Coyotes staying in desert?

The Coyotes are close to being sold to a Chicago businessman. (REUTERS/David W Cerny)

The Coyotes are close to being sold to a Chicago businessman. (REUTERS/David W Cerny)

CHRIS STEVENSON, QMI Agency

, Last Updated: 6:51 PM ET

Negotiations to keep the Coyotes in Phoenix appear ready to get down and dirty in the corners.

Yes, you've heard it before.

But this time, despite contradictory reports during the past 24 hours, it appears a deal between Chicago financier Matthew Hulsizer, the NHL and the City of Glendale is close.

"The City and the Hulsizer group have an agreement in principle on a lease which would allow the Hulsizer group to buy the team from the National Hockey League (NHL) under the terms they requested," the City of Glendale said in a statement released Friday. "The proposed ownership transaction is subject to formal approval by the NHL Board of Governors."

Winnipeg hockey fans, meanwhile, must sit and wait to see if the deal really does go through this time. It does appear things are more serious this time around, though.

"The City of Glendale is either at or close to an arrangement with Mr. Hulsizer," NHL commissioner Gary Bettman said. "There's still lots of work to be done, but I think we are headed in the right direction."

According to one QMI source, Hulsizer has a framework of a deal with Glendale for an arena lease. It is similar to the deal Chicago Bulls and White Sox owner Jerry Reinsdorf had constructed, with a tax district around the rink being created to produce revenue to offset the Coyotes losses.

The last stumbling block in having Hulsizer take over the Coyotes was the negotiation of a price for the franchise. The league wants at least $165 million to offset what it paid for the franchise in 2009 and the losses it incurred up to the beginning of this season.

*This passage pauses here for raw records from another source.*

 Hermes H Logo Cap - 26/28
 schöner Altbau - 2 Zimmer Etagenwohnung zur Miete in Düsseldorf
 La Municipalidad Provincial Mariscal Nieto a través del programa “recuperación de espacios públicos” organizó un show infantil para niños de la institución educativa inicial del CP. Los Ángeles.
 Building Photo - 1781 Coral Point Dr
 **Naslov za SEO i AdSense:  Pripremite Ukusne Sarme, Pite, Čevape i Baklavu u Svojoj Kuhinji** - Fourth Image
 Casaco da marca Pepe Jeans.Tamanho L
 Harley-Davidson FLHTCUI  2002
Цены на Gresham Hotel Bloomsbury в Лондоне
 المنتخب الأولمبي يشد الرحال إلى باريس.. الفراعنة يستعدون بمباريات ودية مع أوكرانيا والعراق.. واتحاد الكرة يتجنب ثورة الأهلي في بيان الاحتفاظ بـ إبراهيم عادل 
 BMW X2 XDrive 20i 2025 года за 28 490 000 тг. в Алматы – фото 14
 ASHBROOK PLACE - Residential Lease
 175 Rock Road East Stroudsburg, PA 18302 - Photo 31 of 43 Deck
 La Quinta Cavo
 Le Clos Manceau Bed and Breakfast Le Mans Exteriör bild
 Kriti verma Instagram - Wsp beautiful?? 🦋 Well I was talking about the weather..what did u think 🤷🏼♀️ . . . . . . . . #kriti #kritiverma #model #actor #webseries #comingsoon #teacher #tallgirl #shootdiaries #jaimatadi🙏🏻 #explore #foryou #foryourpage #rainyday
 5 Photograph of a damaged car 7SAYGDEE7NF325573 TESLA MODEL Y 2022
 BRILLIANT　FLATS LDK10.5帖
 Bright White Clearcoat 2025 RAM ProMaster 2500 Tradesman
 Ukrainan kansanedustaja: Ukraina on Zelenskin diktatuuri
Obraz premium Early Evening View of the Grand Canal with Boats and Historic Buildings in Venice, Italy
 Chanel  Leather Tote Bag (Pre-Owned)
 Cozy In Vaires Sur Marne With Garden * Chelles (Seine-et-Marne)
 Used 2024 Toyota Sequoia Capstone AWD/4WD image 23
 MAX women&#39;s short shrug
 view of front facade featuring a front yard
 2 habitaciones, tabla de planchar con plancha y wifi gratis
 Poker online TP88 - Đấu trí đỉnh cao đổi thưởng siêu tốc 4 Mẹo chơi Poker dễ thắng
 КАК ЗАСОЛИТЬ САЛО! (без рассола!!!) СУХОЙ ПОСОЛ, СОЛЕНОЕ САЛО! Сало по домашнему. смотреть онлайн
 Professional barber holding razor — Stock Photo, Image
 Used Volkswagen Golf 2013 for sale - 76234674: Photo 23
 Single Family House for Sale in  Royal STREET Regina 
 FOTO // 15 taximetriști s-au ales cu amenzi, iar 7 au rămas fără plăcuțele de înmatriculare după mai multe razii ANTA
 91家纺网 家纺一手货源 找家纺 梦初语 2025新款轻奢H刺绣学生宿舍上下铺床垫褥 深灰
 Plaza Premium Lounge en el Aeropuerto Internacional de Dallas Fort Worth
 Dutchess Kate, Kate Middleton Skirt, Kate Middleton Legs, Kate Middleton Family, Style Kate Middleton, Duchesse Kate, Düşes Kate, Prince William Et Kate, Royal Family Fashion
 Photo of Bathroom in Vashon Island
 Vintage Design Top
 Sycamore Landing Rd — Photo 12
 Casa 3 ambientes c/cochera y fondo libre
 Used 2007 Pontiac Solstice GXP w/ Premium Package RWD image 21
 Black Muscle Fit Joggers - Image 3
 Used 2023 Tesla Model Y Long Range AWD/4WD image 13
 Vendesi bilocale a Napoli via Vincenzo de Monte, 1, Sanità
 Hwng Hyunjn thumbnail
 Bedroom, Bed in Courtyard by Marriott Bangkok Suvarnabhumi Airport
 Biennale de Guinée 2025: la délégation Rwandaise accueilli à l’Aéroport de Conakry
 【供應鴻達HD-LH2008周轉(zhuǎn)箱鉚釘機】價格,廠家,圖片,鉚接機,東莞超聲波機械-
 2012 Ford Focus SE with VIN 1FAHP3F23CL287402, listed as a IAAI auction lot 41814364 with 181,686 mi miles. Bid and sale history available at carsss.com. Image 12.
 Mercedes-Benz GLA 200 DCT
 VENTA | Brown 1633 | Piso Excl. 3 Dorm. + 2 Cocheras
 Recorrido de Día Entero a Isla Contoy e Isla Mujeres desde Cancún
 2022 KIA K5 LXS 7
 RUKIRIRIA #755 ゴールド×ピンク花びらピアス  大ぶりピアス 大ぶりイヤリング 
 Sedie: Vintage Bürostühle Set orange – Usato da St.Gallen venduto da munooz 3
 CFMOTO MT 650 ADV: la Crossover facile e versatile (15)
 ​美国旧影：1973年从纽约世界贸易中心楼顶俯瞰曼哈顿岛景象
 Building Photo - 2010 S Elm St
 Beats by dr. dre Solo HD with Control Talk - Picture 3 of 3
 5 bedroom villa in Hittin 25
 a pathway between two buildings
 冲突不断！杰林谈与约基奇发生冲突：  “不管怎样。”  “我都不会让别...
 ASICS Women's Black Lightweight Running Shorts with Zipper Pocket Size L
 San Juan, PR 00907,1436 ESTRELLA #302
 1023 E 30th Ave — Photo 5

"Yes, I believe an announcement will be made shortly that the parties (Glendale, the potential buyer and the league) have reached a tentative agreement that would see the transitioning of ownership to a buyer and would assure the long-term future of the Coyotes in Glendale," NHL deputy commissioner Bill Daly told QMI Agency. "It's not 'done' yet. The deals still have to be papered and executed, and we still have to go through our board's formal approval process."

Said one QMI source: "I think we are getting to a point where we are going to find out if this is going to work, but I think it's only going to work if the NHL gets its price."

That could mean Glendale having to step in with the difference between what Hulsizer is willing to pay and what the NHL wants or risk having the whole deal fall apart.

Glendale is already on the hook to reimburse the NHL for up to $25 million in losses for the current season.

"The governors would like to get this deal done," the source said, "but only if it means they are going to come out of this without it costing them money. You can't blame them. I guess we're going to find out how bad Glendale wants to keep the Coyotes for that building."